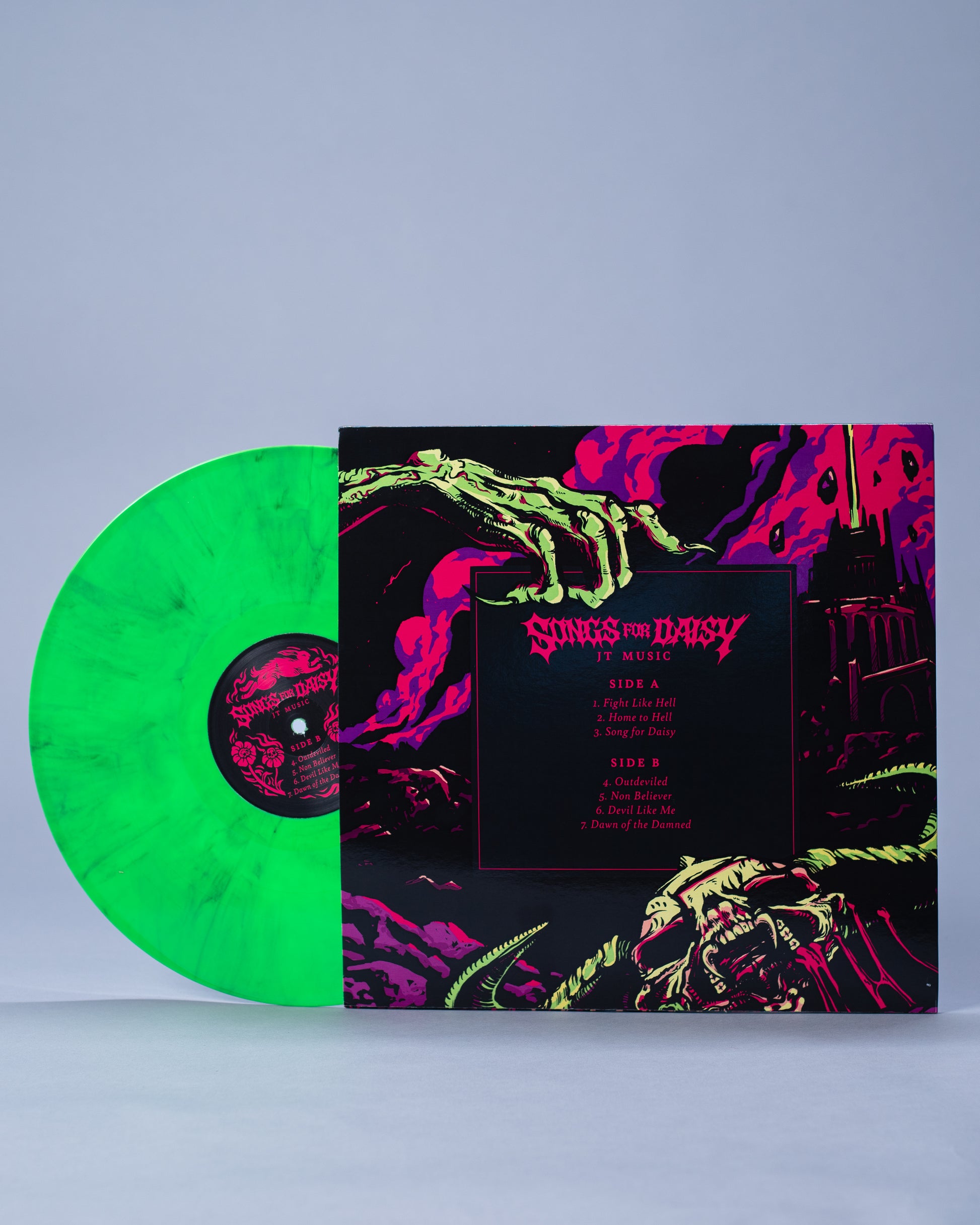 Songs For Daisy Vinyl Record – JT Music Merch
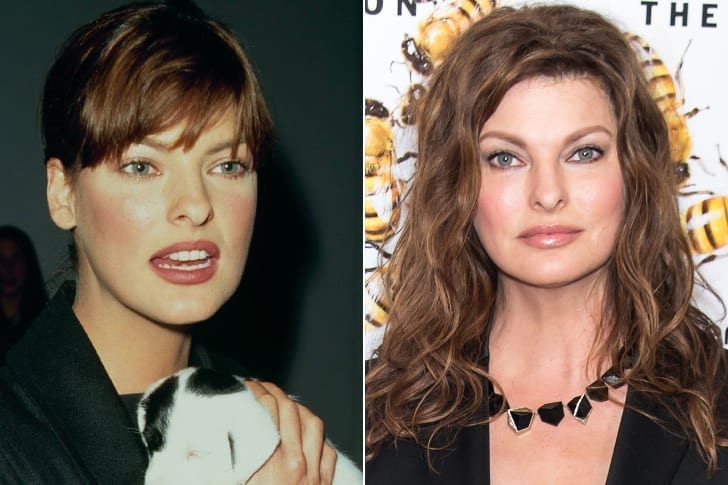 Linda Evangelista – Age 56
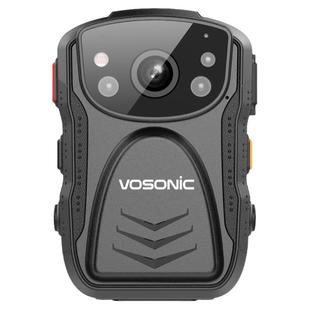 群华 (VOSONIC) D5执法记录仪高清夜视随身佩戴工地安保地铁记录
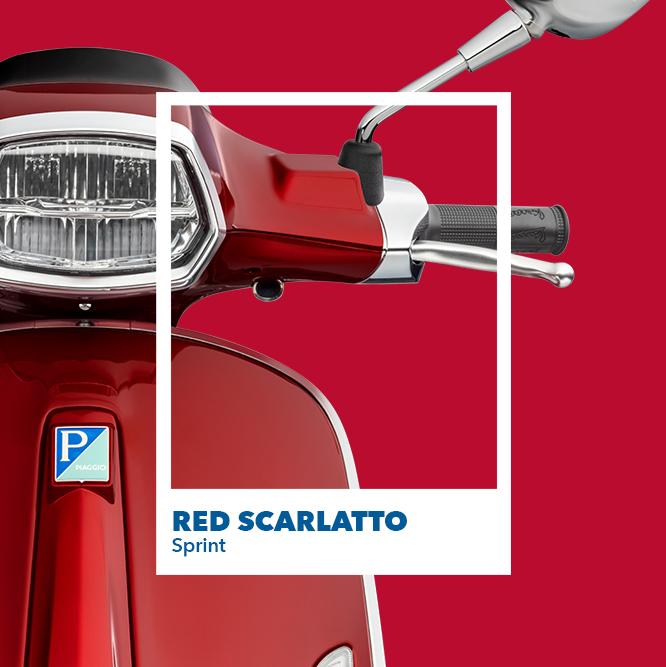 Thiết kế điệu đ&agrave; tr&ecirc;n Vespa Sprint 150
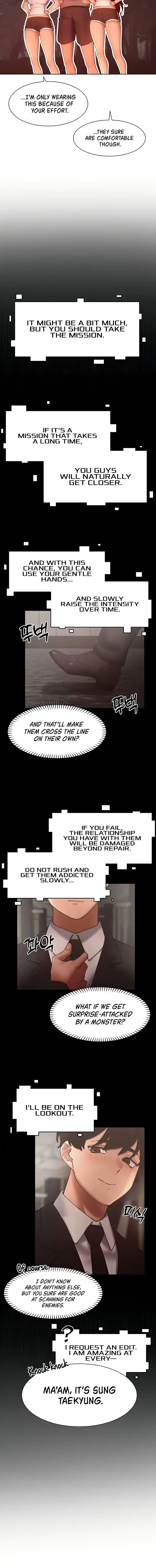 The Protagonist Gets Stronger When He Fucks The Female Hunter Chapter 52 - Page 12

============

**Your objective**.
Please output only the lines running from the one that holds "Thiết kế điệu" through the last line of the entries, both ends included, without any images.

**Output below**.
 Thiết kế điệu đ&agrave; tr&ecirc;n Vespa Sprint 150
 The Protagonist Gets Stronger When He Fucks The Female Hunter Chapter 52 - Page 12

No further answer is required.